---- Information provided

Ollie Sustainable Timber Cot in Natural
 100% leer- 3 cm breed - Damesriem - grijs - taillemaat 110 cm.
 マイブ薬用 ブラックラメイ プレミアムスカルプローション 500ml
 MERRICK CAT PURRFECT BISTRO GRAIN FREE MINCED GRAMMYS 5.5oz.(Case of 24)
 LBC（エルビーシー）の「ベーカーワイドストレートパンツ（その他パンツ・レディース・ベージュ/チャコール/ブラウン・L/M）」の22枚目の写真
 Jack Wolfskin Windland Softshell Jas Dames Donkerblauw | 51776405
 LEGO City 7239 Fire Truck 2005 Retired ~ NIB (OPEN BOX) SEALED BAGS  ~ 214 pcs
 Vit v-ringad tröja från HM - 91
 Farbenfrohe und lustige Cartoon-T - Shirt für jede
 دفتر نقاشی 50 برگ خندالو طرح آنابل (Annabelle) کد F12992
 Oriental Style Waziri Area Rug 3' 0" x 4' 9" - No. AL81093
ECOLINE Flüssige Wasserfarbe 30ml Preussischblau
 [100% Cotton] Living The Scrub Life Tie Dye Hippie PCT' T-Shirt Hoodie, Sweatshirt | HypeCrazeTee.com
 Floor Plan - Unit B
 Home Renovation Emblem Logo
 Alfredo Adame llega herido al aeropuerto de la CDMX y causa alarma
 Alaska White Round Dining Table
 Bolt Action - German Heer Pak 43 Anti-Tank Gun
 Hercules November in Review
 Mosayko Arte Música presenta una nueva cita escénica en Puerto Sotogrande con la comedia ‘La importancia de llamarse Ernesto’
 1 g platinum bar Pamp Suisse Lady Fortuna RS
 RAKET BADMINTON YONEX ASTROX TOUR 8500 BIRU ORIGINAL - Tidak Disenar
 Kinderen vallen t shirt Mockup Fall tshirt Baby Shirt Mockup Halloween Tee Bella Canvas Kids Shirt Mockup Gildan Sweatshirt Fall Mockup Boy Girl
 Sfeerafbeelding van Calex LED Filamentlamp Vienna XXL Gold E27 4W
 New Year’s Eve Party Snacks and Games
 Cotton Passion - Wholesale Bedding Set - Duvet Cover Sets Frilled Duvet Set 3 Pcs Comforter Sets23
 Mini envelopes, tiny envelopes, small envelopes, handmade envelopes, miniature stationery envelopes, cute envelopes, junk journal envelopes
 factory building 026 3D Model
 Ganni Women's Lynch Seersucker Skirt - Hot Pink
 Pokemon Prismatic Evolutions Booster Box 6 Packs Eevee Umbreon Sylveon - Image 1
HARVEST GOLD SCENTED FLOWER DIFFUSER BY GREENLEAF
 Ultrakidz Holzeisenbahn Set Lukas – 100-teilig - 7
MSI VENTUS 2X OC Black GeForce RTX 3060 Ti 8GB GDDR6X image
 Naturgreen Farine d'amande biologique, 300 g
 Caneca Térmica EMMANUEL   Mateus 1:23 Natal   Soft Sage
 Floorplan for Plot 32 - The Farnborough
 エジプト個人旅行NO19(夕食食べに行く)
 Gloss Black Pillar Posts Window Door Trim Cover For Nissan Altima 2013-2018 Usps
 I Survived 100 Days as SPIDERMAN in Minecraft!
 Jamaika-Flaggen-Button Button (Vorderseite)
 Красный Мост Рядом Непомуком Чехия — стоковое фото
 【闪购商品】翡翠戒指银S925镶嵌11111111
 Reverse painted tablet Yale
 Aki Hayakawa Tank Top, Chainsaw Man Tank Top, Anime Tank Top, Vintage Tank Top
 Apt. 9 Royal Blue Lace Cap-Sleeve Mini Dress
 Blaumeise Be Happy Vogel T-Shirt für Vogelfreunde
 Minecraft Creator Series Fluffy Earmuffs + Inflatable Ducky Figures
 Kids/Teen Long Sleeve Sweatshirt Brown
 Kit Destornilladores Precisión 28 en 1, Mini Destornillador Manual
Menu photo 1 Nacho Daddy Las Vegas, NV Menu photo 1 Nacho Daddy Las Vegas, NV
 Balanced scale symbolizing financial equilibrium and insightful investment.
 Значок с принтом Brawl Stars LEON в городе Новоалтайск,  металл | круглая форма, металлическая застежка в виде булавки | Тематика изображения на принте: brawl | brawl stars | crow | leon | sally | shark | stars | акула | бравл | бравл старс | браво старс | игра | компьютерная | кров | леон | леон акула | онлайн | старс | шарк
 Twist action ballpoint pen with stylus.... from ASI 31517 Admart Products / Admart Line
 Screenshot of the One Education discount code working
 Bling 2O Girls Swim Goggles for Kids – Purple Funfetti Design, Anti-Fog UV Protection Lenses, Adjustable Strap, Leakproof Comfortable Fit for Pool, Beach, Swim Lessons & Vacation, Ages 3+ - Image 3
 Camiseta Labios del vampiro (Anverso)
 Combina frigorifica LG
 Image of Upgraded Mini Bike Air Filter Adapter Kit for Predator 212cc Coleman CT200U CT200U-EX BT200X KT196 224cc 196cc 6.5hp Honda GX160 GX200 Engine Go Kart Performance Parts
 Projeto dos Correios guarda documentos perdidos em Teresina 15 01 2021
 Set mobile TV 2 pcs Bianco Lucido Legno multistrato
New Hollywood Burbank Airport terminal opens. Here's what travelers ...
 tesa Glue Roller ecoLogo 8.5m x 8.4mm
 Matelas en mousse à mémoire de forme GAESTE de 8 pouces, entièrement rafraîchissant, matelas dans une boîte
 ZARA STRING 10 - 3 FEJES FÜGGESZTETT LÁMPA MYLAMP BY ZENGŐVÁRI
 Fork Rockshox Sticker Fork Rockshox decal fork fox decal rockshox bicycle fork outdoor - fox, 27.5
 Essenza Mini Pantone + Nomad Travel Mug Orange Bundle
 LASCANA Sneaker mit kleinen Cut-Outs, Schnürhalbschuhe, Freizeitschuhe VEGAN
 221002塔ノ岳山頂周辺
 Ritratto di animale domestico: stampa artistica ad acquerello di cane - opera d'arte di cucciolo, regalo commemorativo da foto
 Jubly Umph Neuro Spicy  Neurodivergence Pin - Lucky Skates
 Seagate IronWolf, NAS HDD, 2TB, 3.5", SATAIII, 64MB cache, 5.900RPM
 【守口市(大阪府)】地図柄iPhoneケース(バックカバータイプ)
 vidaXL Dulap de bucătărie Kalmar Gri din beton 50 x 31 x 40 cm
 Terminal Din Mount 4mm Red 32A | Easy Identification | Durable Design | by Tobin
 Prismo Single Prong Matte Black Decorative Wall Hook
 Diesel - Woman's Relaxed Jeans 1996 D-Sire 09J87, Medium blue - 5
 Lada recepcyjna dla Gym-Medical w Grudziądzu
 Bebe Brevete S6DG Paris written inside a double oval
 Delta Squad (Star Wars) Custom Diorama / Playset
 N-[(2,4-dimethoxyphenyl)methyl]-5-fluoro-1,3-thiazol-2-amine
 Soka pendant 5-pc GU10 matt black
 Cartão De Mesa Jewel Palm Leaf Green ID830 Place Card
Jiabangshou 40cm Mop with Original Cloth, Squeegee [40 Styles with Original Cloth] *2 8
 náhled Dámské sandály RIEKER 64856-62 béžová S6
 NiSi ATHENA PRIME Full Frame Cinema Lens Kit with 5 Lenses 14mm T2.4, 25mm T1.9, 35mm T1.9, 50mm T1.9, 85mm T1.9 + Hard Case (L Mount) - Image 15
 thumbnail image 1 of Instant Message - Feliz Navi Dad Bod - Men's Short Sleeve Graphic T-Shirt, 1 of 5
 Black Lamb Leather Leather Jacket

--------

Task objective ▸ Go through the entries and copy every line that has "Case".

Expected answer ▸
 MERRICK CAT PURRFECT BISTRO GRAIN FREE MINCED GRAMMYS 5.5oz.(Case of 24)
 NiSi ATHENA PRIME Full Frame Cinema Lens Kit with 5 Lenses 14mm T2.4, 25mm T1.9, 35mm T1.9, 50mm T1.9, 85mm T1.9 + Hard Case (L Mount) - Image 15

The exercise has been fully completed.